Then again No. 1… I’m still a long way behind the misery of Darren Helm, the Wings forward who has spent more than a year now hampered by an undiagnosable bad back and, more recently, a pulled groin. Oh, and that was after he recovered from an injury in the play-offs before last and almost instantly had his forearm slashed by a skate, requiring microsurgery …

I’m frustrated because I can’t skate properly for dev league and summer league, a social comp. Helm has his entire NHL future riding on whether he can get back on the ice.

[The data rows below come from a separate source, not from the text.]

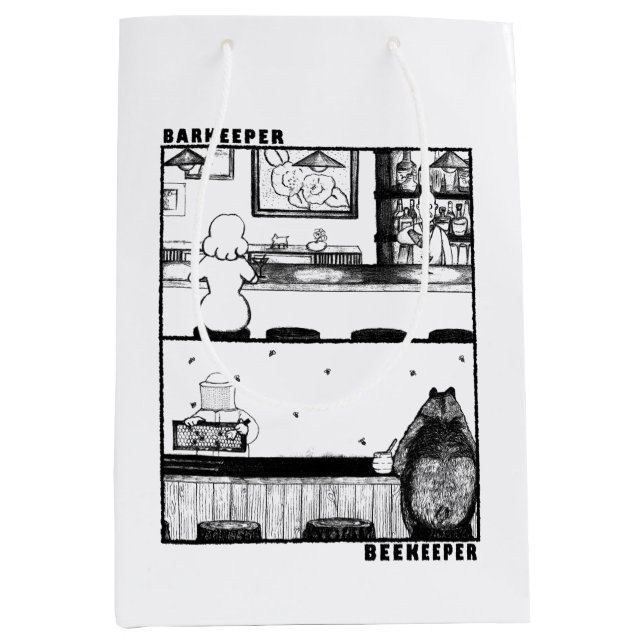 Imker und Imker Mittlere Geschenktüte (Vorderseite)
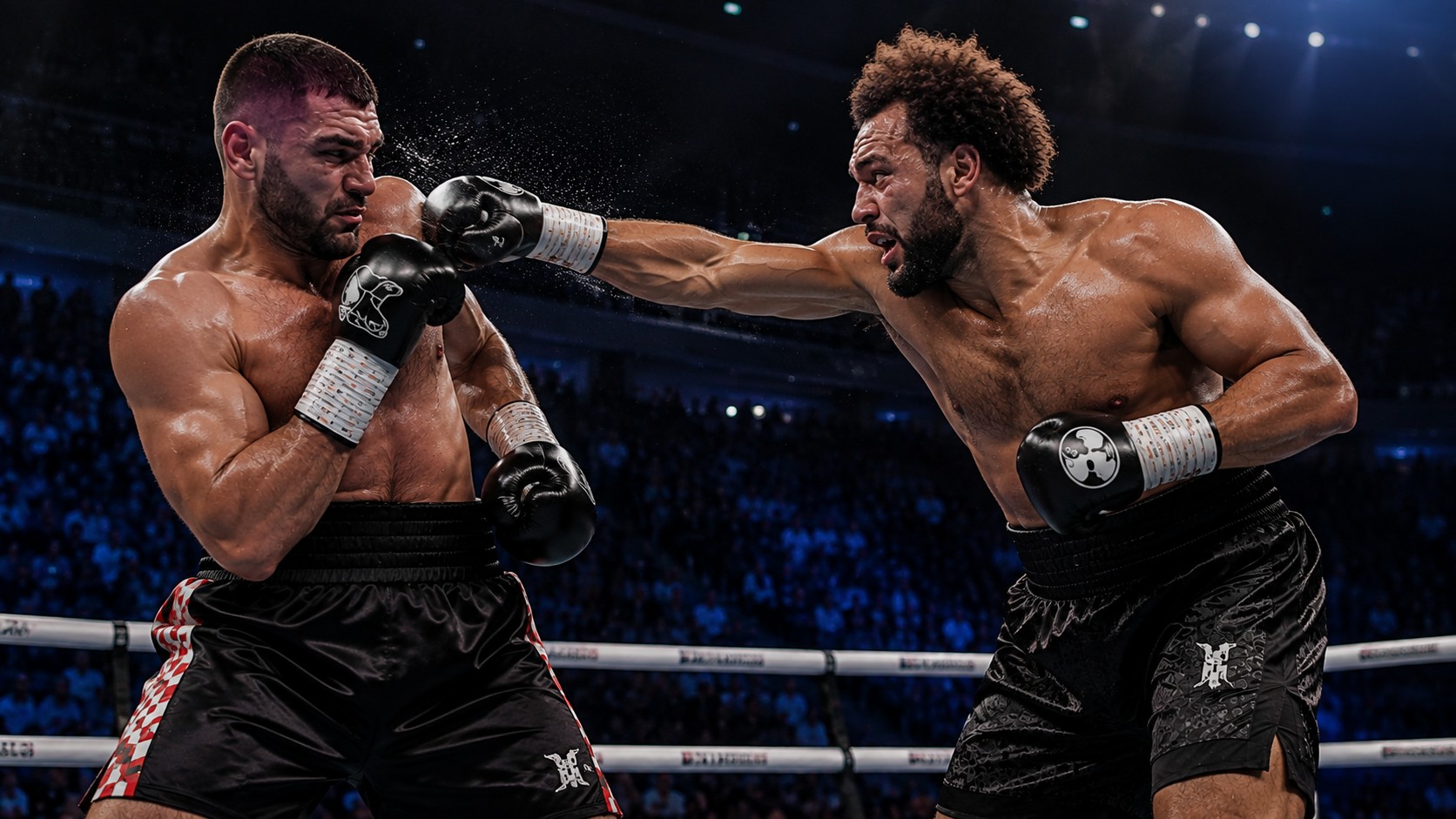Филип Хргович и Мозес Итаума в бою за вакантный титул IBF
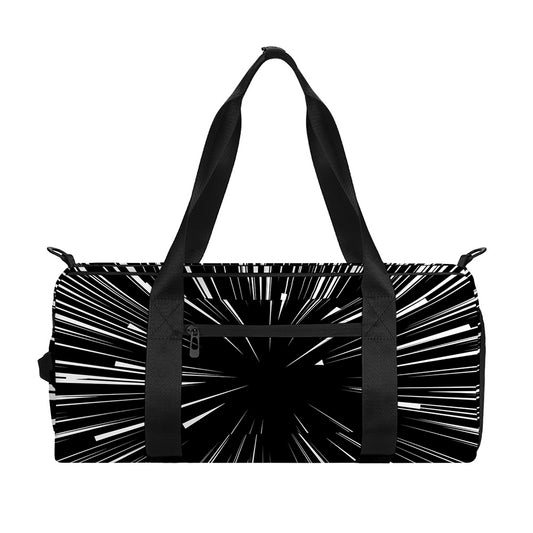 Black And White Hyperspace Print Gym Bag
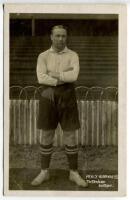 Percy Humphreys. Tottenham Hotspur 1909-1911. Early mono real photograph postcard of Humphreys, full length, in Spurs shirt. Title to lower border 'Percy Humphreys. Tottenham Hotspur'. F.W. Jones Bros of Tottenham. Postally unused. Some minor surface mark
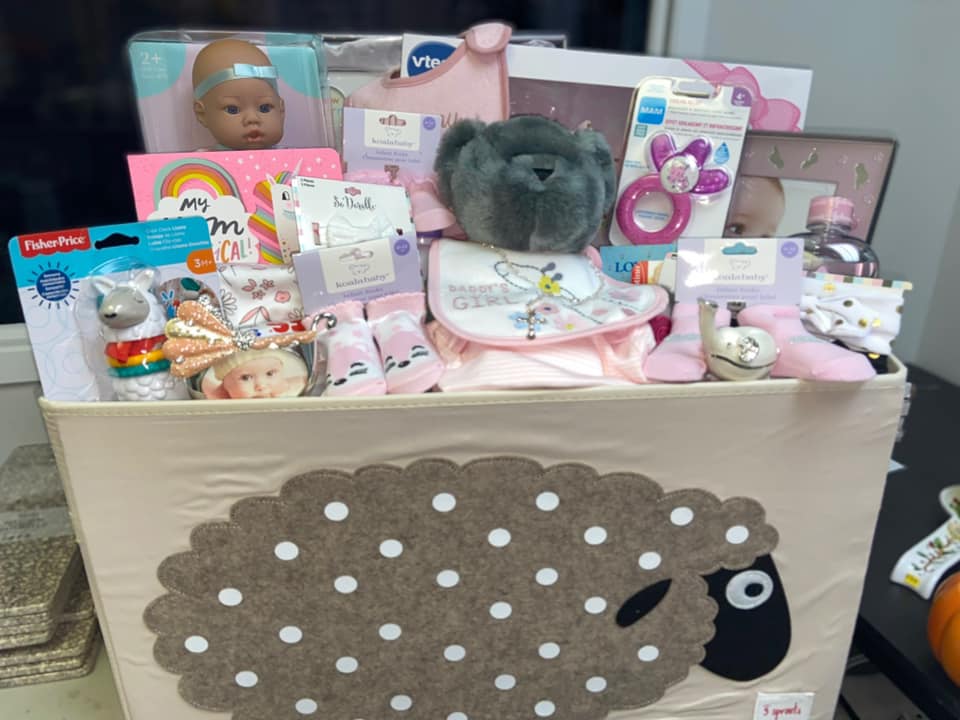 Baby girl basket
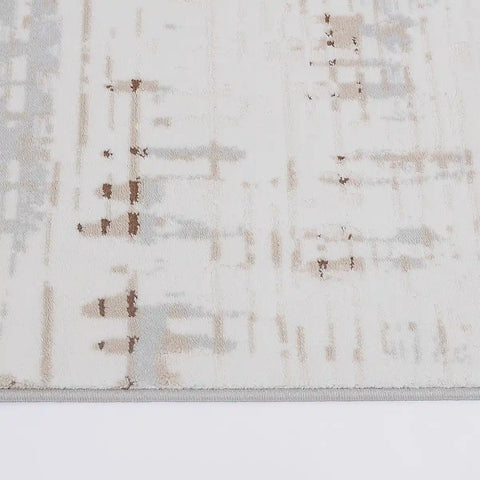 Puxina Abstract Linear Texture Neutral Area Rug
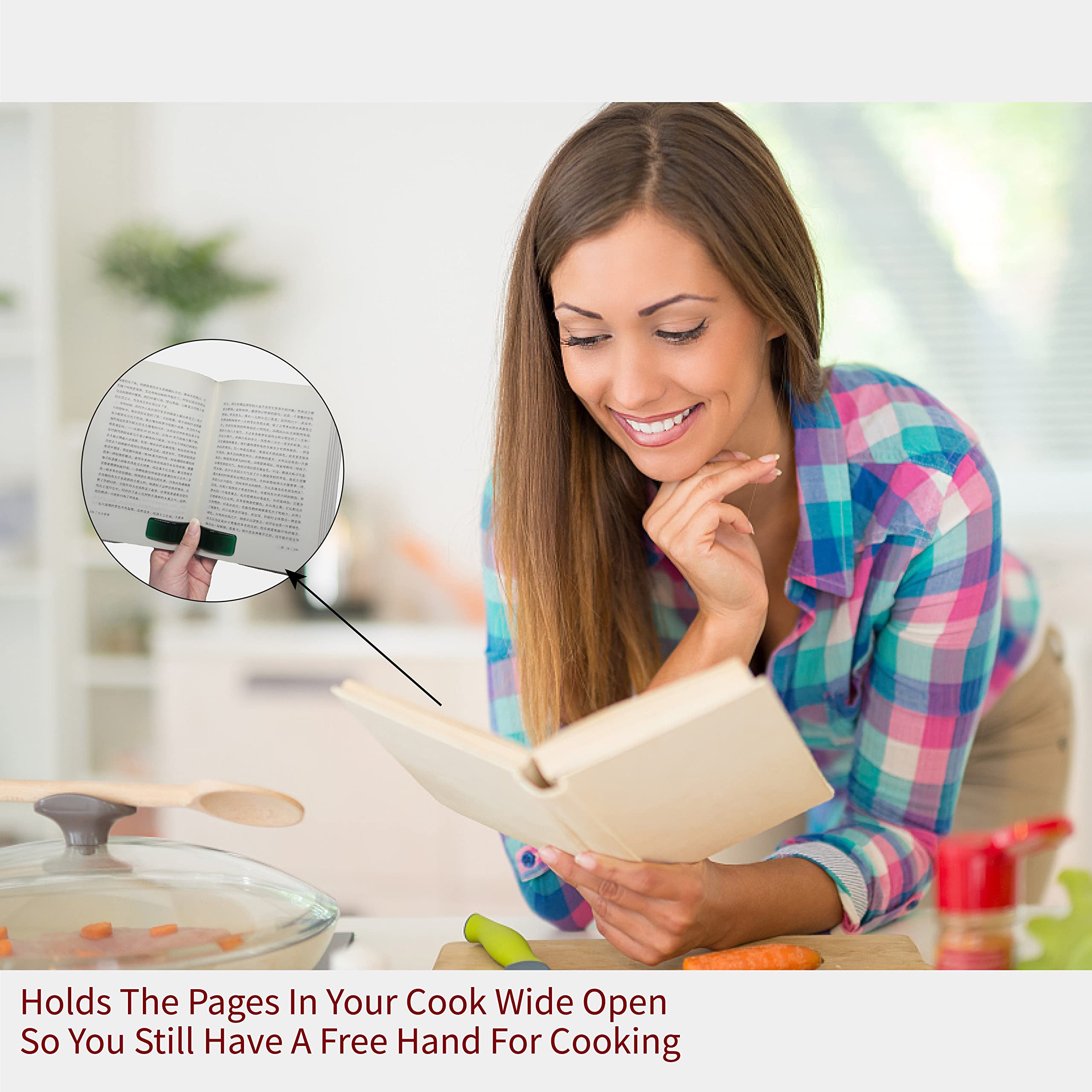 Finger Book Holder for Reading in Bed - Thumb Book Page Holder & Opener - Perfect Book Accessories for Book Lovers - Ideal for Reading in Bed, Travel, or Relaxing with a Book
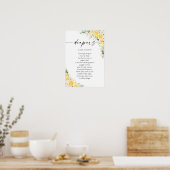 Elegant Yellow Baby Shower Poster (Cuisine)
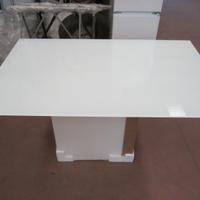 Piano in vetro laccato per tavolo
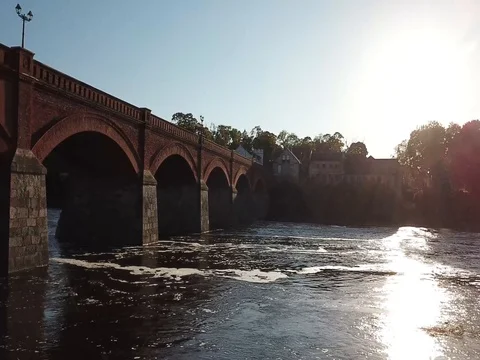 Old Bridge In Kuldiga Stock Footage 80334459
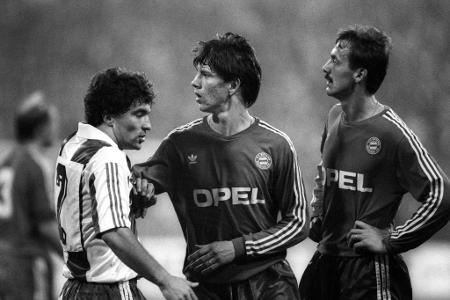 Zwei für ihn erfolgreiche Jahre verbrachte Jürgen Kohler (r.) zwischen 1989 und 1991 bei den Bayern, dann lockte ihn Juventu...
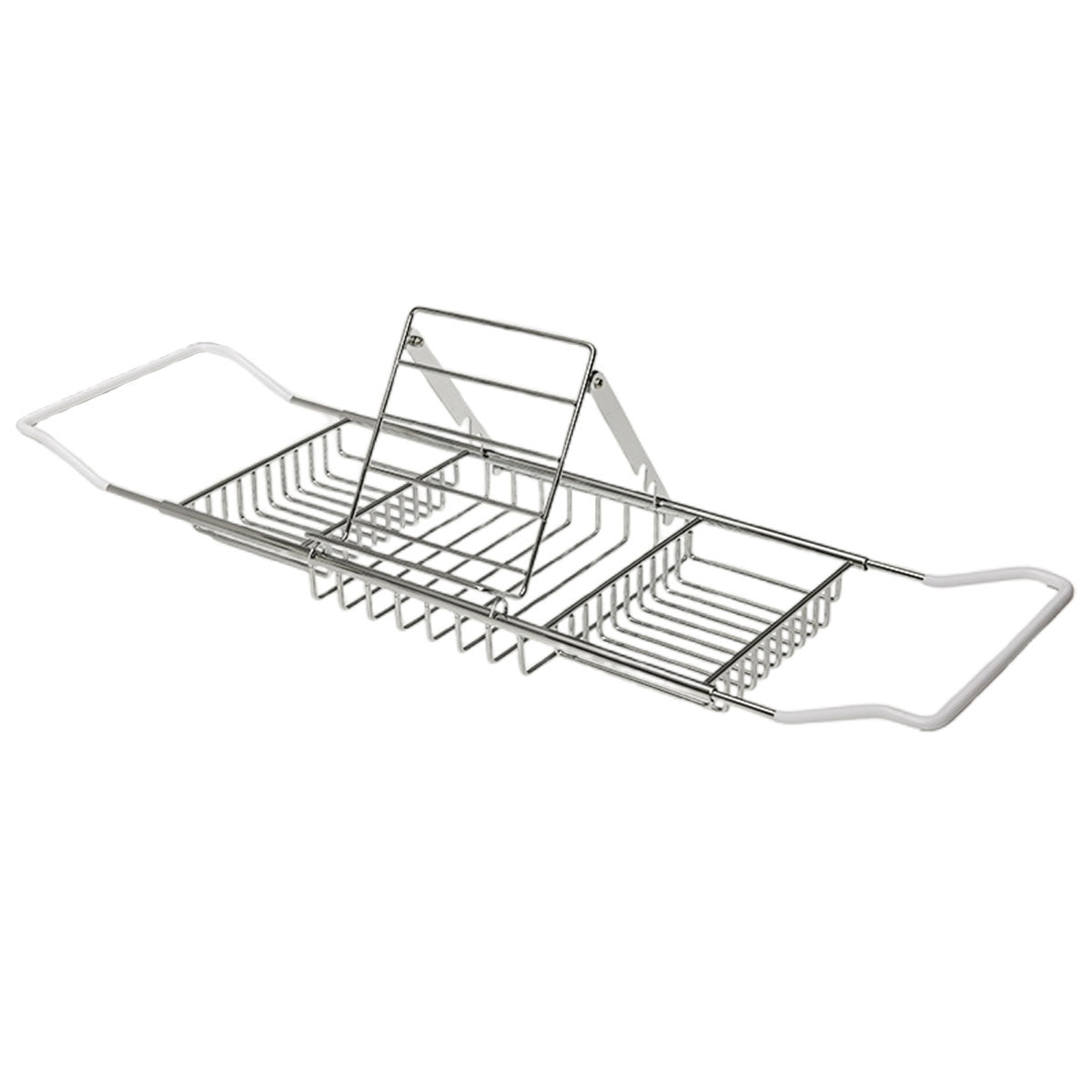Bathtub Rack Bathroom Storage Shelf Telescopic Adjustable Organiser Tray Home - Silver - SuperSaverAU - view 4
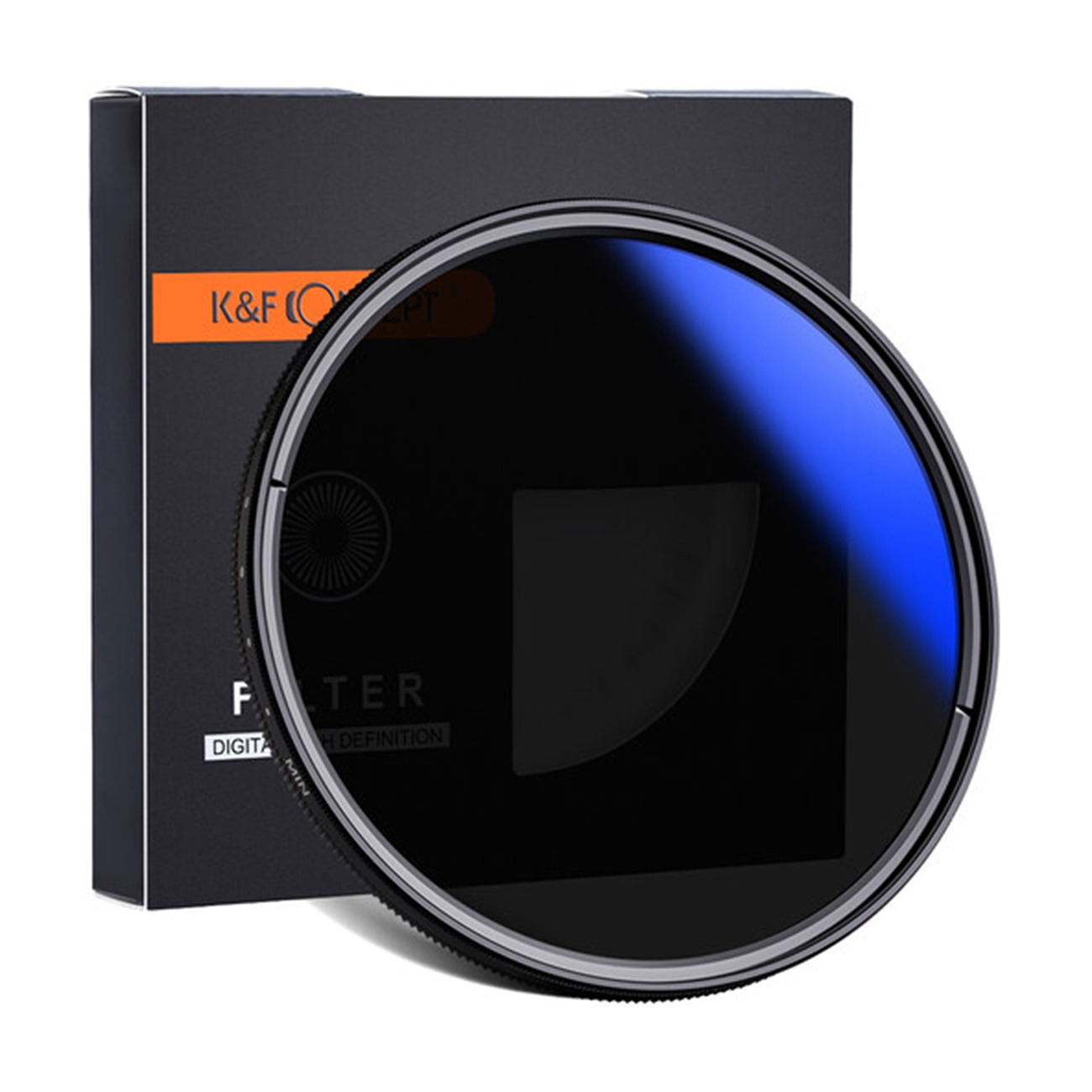فیلتر کی اند اف K&F Concept ND2-ND400 77mm Variable Fader Filter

Or shit, you want to go all the way? Then go for this one:

Then again No. 2 … I could be poor bloody Casey Tutungi, who was a star for the Lorne Dolphins,  almost made it to the AFL, playing for the Cats’ underlings, and then was playing for South Barwon FC earlier this season, when he copped a knock to the neck and fell backward, unable to feel his legs or arms.

A quadriplegic. Yet two weeks ago, Casey stunned his old teammates by showing up for their second semi-final, in a motorized wheelchair.

South Barwon and Casey Tutungi, before the Grand Final.

South Barwon and Casey Tutungi, before the Grand Final. (Pic: Geelong Advertiser)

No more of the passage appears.